I'd be very surprised if there was any difference in terms of the generated code. Personally I use while(true).
There was a very interesting little side note in John Regehr's recent CppCon talk[1] on undefined behavior: Apparently, C11 added language that forbids compilers from eliding side-effect free infinite loops if they're of the form `while (<constant expression>)` but not other loop forms. C++ has not yet adopted this language, but it might in the future.
A strange choice by the committee I'd be interested in reading more about.
Not a compilers guy, so when you say "eliding loops", do you refer to optimizing out loops that the compiler assumes are side-effect free?
Coming from an embedded background, the form "while (true) { // do nothing of interest }" is seen a lot in embedded code. If your code is interrupt driven, or running certain RTOSes, you would usually see this at the end of main(), since everything happens in interrupts. You might also see this in error handlers, and "unimplemented" interrupt handlers during development, as a way to trap the program without halting / resetting the system completely. If this kind of loop was optimized out / you returned-from-main on your embedded system, interesting and unintended things may happen.
While I've never had problems with these particular loops being optimized out (that I can remember!), I do remember having to do other vary silly hacks to try and tell the compiler not to optimize things out, because something is happening in hardware that it wasn't aware of, so I wonder if this is just a practical way of making sure that this kind of code keeps working with newer compilers, even in the face of aggressive optimization.

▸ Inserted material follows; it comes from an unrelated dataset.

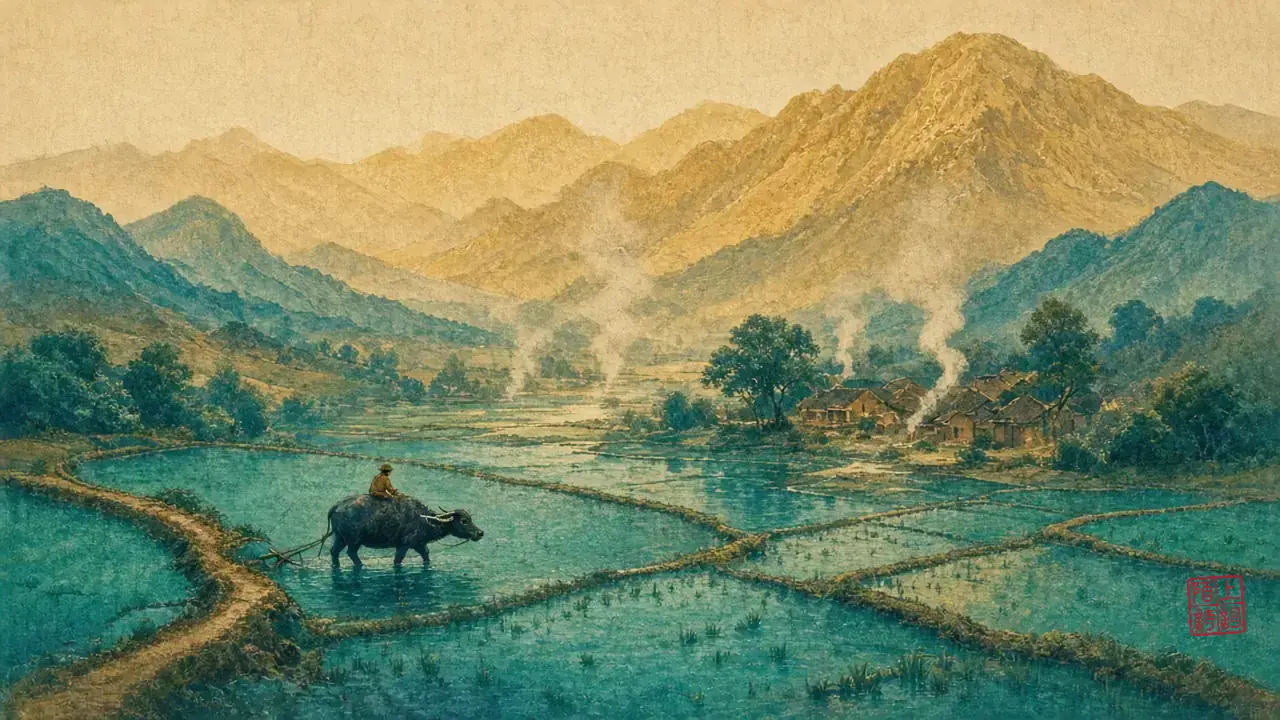 储光羲走到田埂，泥比诗先香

Yes, the C and C++ standards allow compilers to eliminate loops which have no side effects (It's actually slightly more tricky than this but whatever, check the spec for the exact details). This can be tough in situations like you say, but also in other places: for example, Rust's semantics do not allow you to elide them, but because we use LLVM, we incidentally inherited this behavior: https://github.com/rust-lang/rust/issues/28728
I'd be very surprised if there was any difference in terms of the generated code. Personally I use while(true).